Reading Classes PDF Author: Barbara Jensen
Publisher: Cornell University Press
ISBN: 0801464528
Category : Social Science
Languages : en
Pages : 262

Get Book Here

Book Description
Discussions of class make many Americans uncomfortable. This accessible book makes class visible in everyday life. Solely identifying political and economic inequalities between classes offers an incomplete picture of class dynamics in America, and may not connect with people's lived experiences. In Reading Classes, Barbara Jensen explores the anguish caused by class in our society, identifying classism—or anti–working class prejudice—as a central factor in the reproduction of inequality in America. Giving voice to the experiences and inner lives of working-class people, Jensen—a community and counseling psychologist—provides an in-depth, psychologically informed examination of how class in America is created and re-created through culture, with an emphasis on how working- and middle-class cultures differ and conflict.
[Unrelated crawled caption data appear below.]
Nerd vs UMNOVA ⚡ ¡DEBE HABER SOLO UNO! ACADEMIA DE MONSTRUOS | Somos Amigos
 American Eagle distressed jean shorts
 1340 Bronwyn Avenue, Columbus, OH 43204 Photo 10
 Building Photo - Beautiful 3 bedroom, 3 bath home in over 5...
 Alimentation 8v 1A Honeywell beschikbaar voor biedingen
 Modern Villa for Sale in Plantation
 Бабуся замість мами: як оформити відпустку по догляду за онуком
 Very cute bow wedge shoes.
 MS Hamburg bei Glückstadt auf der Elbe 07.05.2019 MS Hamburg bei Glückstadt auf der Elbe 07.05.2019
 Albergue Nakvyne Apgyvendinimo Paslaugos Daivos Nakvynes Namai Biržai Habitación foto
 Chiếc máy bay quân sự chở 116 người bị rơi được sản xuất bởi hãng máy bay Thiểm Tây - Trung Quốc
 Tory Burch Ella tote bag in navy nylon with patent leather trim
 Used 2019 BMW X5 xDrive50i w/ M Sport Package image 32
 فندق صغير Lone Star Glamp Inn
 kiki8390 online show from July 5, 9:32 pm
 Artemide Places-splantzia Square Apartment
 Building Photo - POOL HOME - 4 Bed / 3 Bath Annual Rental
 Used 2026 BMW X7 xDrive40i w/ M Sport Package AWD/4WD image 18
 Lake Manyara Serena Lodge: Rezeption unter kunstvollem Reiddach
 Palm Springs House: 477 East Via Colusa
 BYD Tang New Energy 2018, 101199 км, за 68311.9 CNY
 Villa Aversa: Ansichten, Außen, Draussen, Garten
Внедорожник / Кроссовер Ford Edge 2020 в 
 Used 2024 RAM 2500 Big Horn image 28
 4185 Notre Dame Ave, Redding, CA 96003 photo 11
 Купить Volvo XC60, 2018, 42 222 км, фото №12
This book is unique in its claim that working-class cultures have positive qualities that serve to keep members within them, and that can haunt those who leave them behind. Through both autobiographical reflections on her dual citizenship in the working class and middle class and the life stories of students, clients, and relatives, Jensen brings into focus the clash between the realities of working-class life and middle-class expectations for working-class people. Focusing on education, she finds that at every point in their personal development and educational history, working-class children are misunderstood, ignored, or disrespected by middle-class teachers and administrators. Education, while often hailed as a way to "cross classes," brings with it its own set of conflicts and internal struggles. These problems can lead to a divided self, resulting in alienation and suffering for the upwardly mobile student. Jensen suggests how to increase awareness of the value of working-class cultures to a truly inclusive American society at personal, professional, and societal levels.